We take the security of CodeVista seriously. If you believe you have found a security vulnerability, please report it responsibly.

1. Do not open a public issue for the vulnerability.
2. Send an email to [INSERT SECURITY EMAIL] with the subject line [Security] CodeVista Vulnerability Report.
3. Include as much information as possible:
   • Description of the vulnerability
   • Steps to reproduce
   • Potential impact
   • Any suggested fixes (optional)

• We will acknowledge receipt of your report within 48 hours.
• We will provide an initial assessment within 7 business days.
• We will keep you updated on the progress of the fix.
• If the vulnerability is accepted, we will release a fix as soon as possible.

• We follow Coordinated Disclosure — we will work with you to determine a timeline for public disclosure.
• Credit will be given to the reporter (unless anonymity is requested).
• We will not disclose the vulnerability publicly until a fix is released.

When using CodeVista, follow these best practices:

• Only analyze codebases you trust or have permission to analyze.
• CodeVista reads source files — be aware of what you're pointing it at.

• HTML reports contain code excerpts — do not share reports publicly if the codebase contains sensitive information.
• JSON exports may contain security findings — handle with care.

• Snapshots are stored in ~/.codevista/snapshots/ — they contain analysis metadata but not source code content.
• Review snapshot content before sharing.

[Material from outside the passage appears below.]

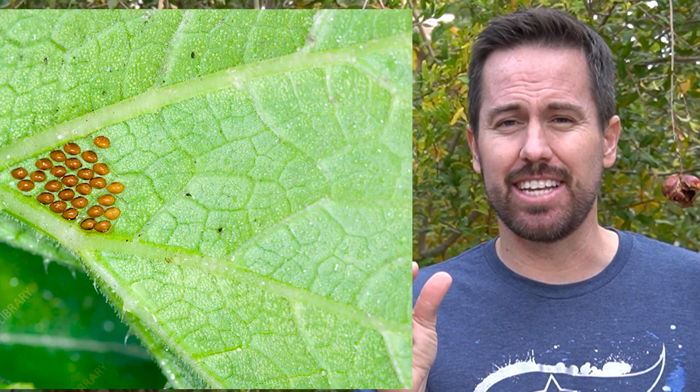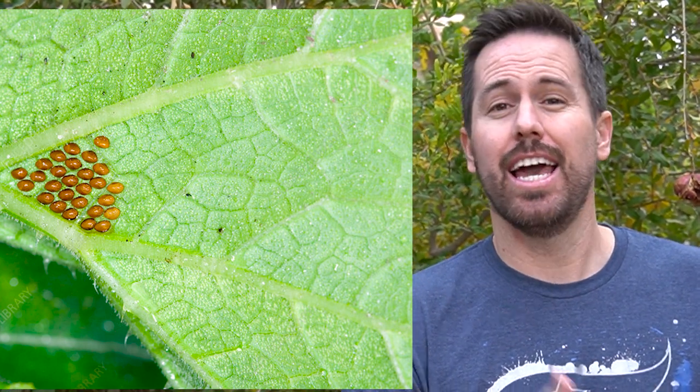You can also come out and inspect the backs of leaves and the pomegranates themselves. They will leave very distinct eggs, and you can simply wipe those eggs off — that will stop them from hatching and destroying your pomegranate. Another very effective method, though it takes a little work because you have to be out in your garden every day, is to use a shop vac or wet-dry vac to suck up those leaf-footed bugs every single day. That will slowly decrease the population.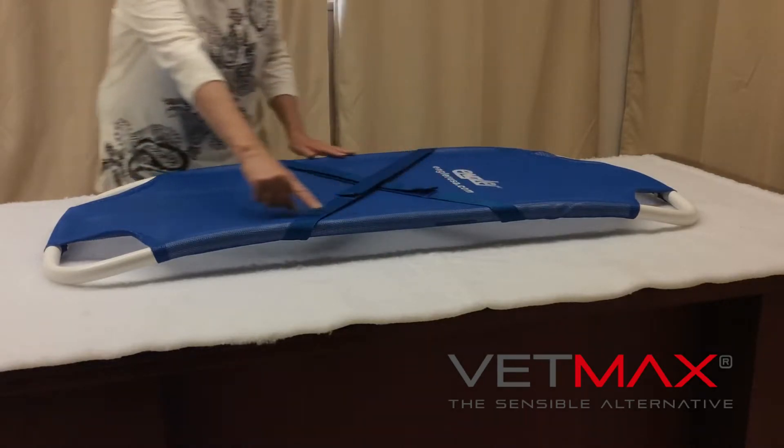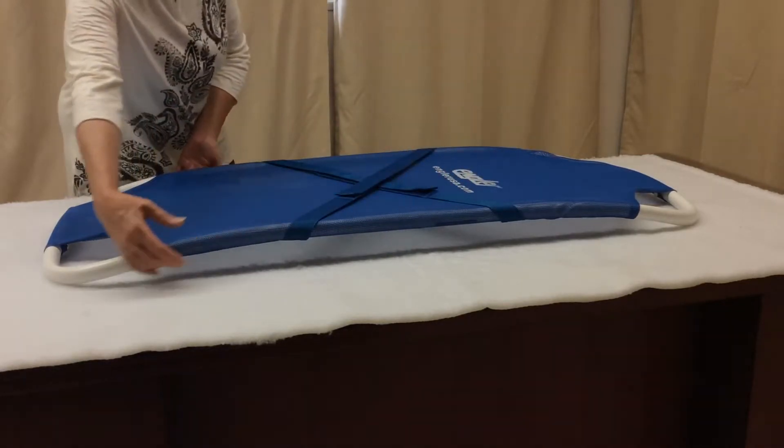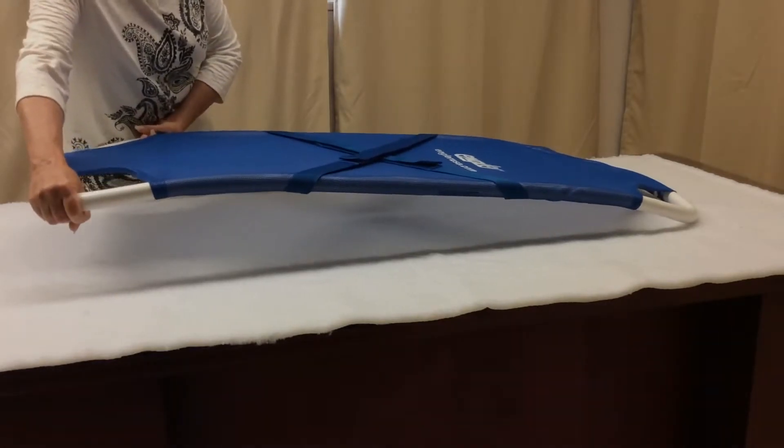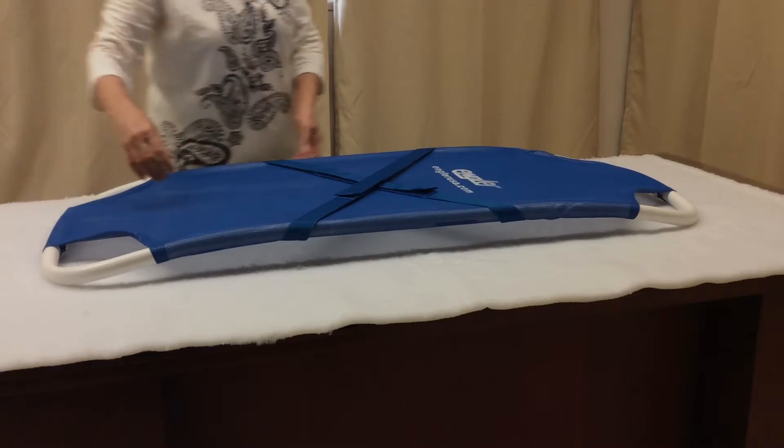The curvature of the frame allows the hand to slide underneath, providing a means of gripping the stretcher while reducing your risk of stress and low back pain.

• SARIF output may contain file paths and line numbers from your codebase.
• Ensure CI/CD logs are properly secured if your codebase is private.

CodeVista itself includes security scanning capabilities:

• Secret Detection: Identifies hardcoded API keys, passwords, tokens
• Dangerous Function Detection: Flags eval(), exec(), pickle, etc.
• Private Key Detection: Finds private keys committed to source

These features help you secure your codebase, not CodeVista itself.